Hundreds of thousands of women and their allies took to the streets nationwide over the weekend to protest laws that restrict access to abortions. Vai Subash, a women’s rights activist who helped organize the New York City Women’s March on Saturday, voiced concerns about a woman’s right to choose, especially for women of color.
“They are more likely to have income inequality in our country and to not have access to reproductive health care is simply put inhumane,” she told PIX11 on Monday.
Subash, of East Harlem, said every woman deserves the right to make her own choice. She said the future of all women’s reproductive rights are at risk now that the conservative-majority U.S. Supreme Court was back in session.
“A women’s right to choose is her personal decision and for any justice sitting in the Supreme Court to think their religious beliefs should impact that is ridiculous,” said Subash.
Since 1973, under Roe V. Wade, abortion has been legal nationwide. In its new term, the Supreme Court will consider a case out of Mississippi that could have a huge impact on a woman’s right to an abortion.
Donna Lieberman, executive director of the New York Civil Liberties Union, said if the court rules in favor of Mississippi’s law, abortions would be banned in a dozen states and restricted in about a dozen others.
“The Mississippi case is a case that could decimate if not completely eradiate the constitutional right of a woman to get an abortion,” said Lieberman.
As one of the nation’s largest defenders of civil rights, Lieberman said New York will always be a safe haven for women’s health needs.
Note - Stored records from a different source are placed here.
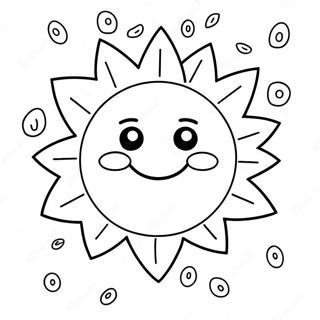 Joyful Smiling Sun Coloring Page 38894-31120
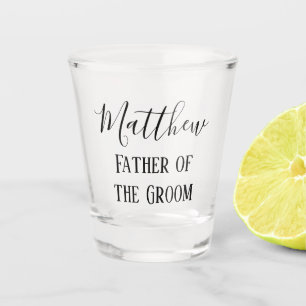 Vader van de bruine kalligrafie shot glas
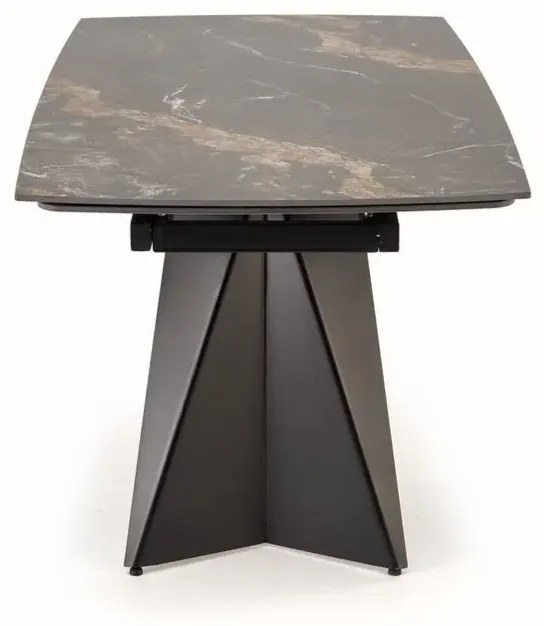 Stół rozkładany ARMANI 165(241)x90 czarny marmur/czarny HALMAR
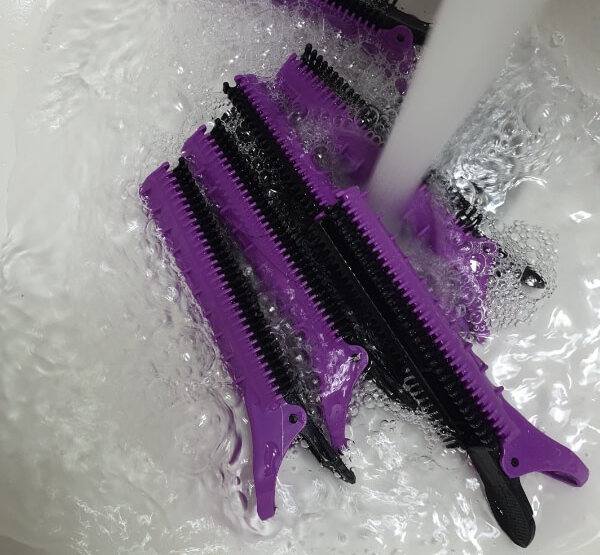 사용후 클립세척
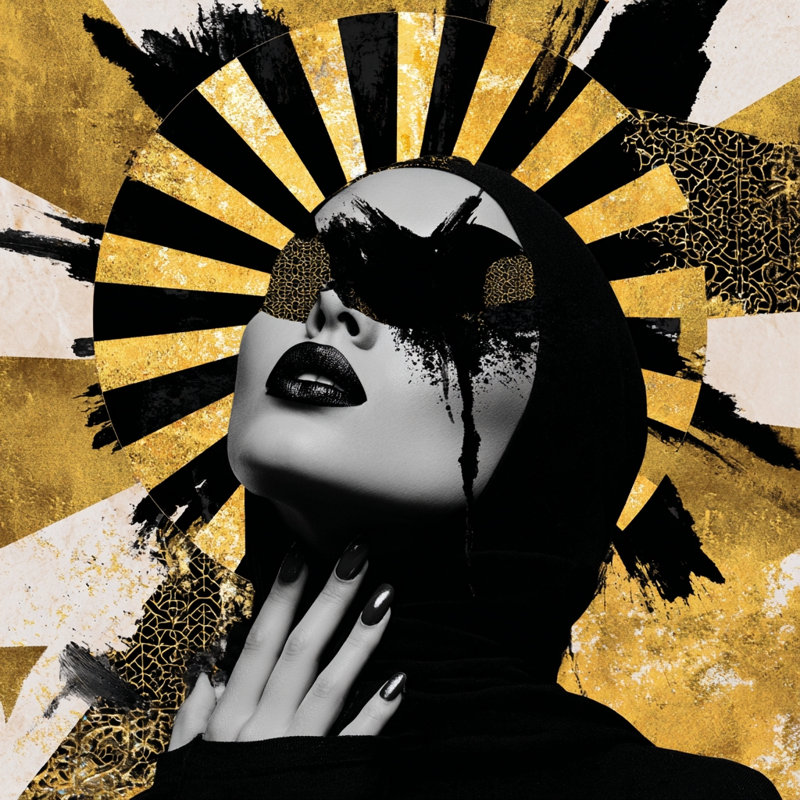 Art mural sur toile Eclipse Vogue, L 40 po x H 40 po x P 1,5 po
“They are not in any way, shape, or form challenging whether New York has the right to protect a woman’s right to choose,” said Lieberman. “Nobody can tell New York that we can’t respect women. We can, we do and we will.”
The highest court’s decision will follow last month’s ruling in Texas, which bans abortions after six weeks, before some women know if they’ve conceived. The law offers no exceptions for rape or incest.
Anti-abortion activists like Lauren Marlowe work to ensure people have the resources available to bring a baby into the world, no matter the circumstances. Marlowe, the Northeast coordinator of Students for Life, said every unborn child deserves a chance at life.
“Roe V. Wade is outdated when it comes to technology and science and ultrasound science and prenatal science, and we’re aware now how the humanity of the preborn and people in the womb, how advanced and developed they are, and their lives matter,” said Marlow. “We want to see abortion made illegal and unthinkable.”
The court will hear arguments about the constitutionality of Mississippi’s law, which bans abortions after 15 weeks of pregnancy, on Dec. 1.